The weather prevented the Quad Cities from seeing significant changes to the festival, which has shifted focus over the past three years.
"We weren't able to show all the work we had put in," said Lisa McCluskey, Riverfest director.
This year's edition is scheduled for June 29 through July 1 on Ben Butterworth Parkway. (Flooding has had some impact on the event; Riverfest won't be able to use the entire Parkway as it has in years past.)
Riverfest started as a free general festival - "There was no theme you could put your arms around," McCluskey said - but after the 1998 edition, organizers tried to create a transition to a family-oriented event. Last year was the second year of what was envisioned as a three-year process. "A lot of people would have seen the transition as almost complete," she said.

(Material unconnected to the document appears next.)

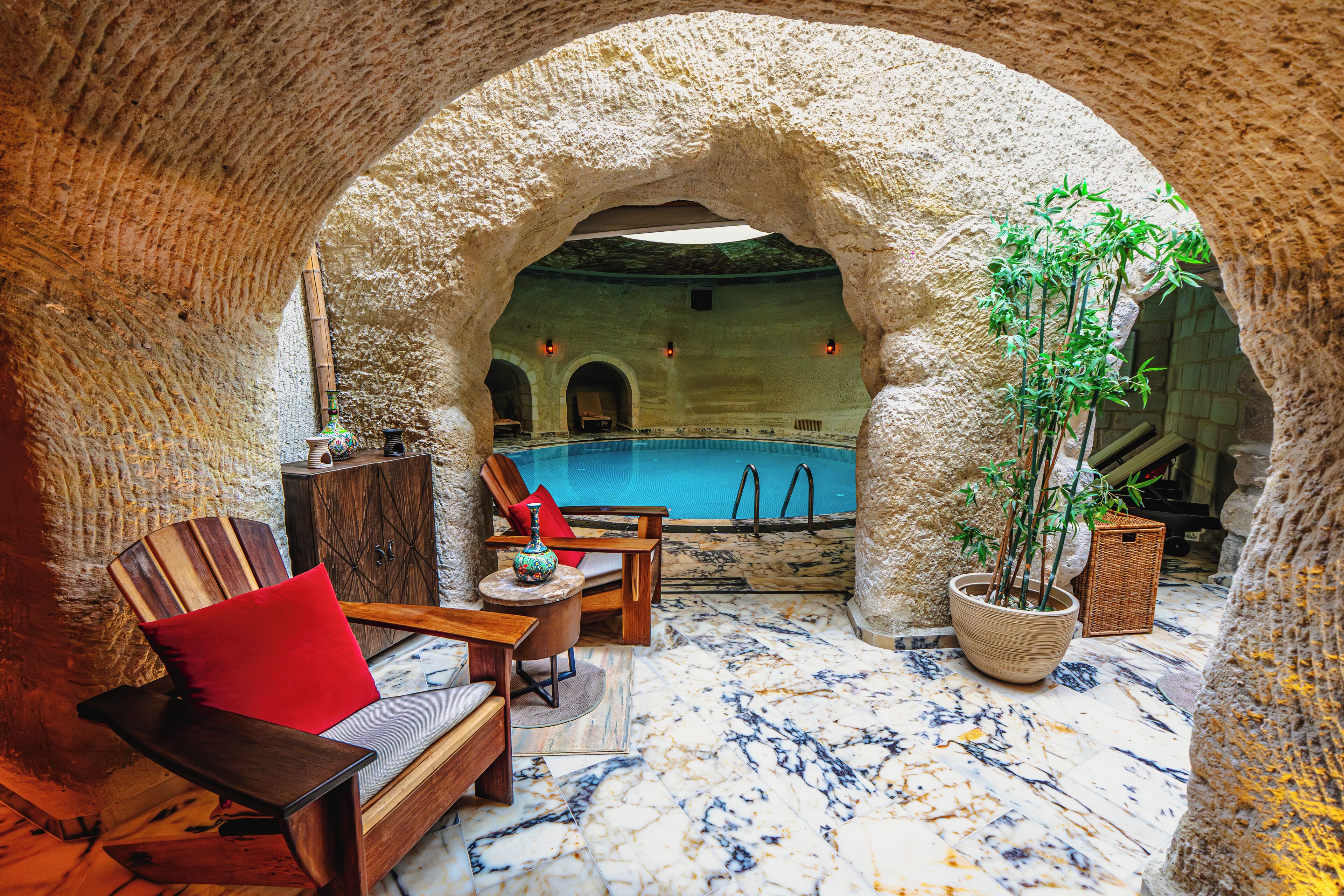 Innenpool, Liegestühle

The goal is to target an older audience that will bring their children to the festival. With that in mind, the music now skews toward classic rock (this year featuring the Classic Rock All Stars and John Kay & Steppenwolf, among others), and other components of the event have been modified while new features have been added. The arts and crafts show is now juried, and last year was the first for a "children's recycle art exhibit." "For the short duration it was open, it seemed to go over pretty well," McCluskey said.

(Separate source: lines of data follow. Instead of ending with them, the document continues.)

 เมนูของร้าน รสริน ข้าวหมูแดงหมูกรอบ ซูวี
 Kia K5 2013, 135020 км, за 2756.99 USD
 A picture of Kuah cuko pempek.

Riverfest also instituted an admission fee two years ago - $5 on Friday and $10 on Saturday. Admission on Sunday, when the festival runs from noon to 6 p.m., is free. "That significantly changed our audience," McCluskey said.
New this year will be a "humanities" component - storytellers and puppeteers.
Riverfest has always been a money-loser, but last year's washout prompted some members of the Moline City Council to question whether the city should put it on at all. Last year, the festival lost $130,000.
But McCluskey said Riverfest faces some challenges that other festivals don't have to deal with. For one thing, while volunteers take care of things such as first aid and setup at most large community events, the city has to pay its employees - time and a half plus benefits. Those costs comprise $50,000 to $70,000 of the festival's $251,000 budget. "We pay some pretty high prices," McCluskey said.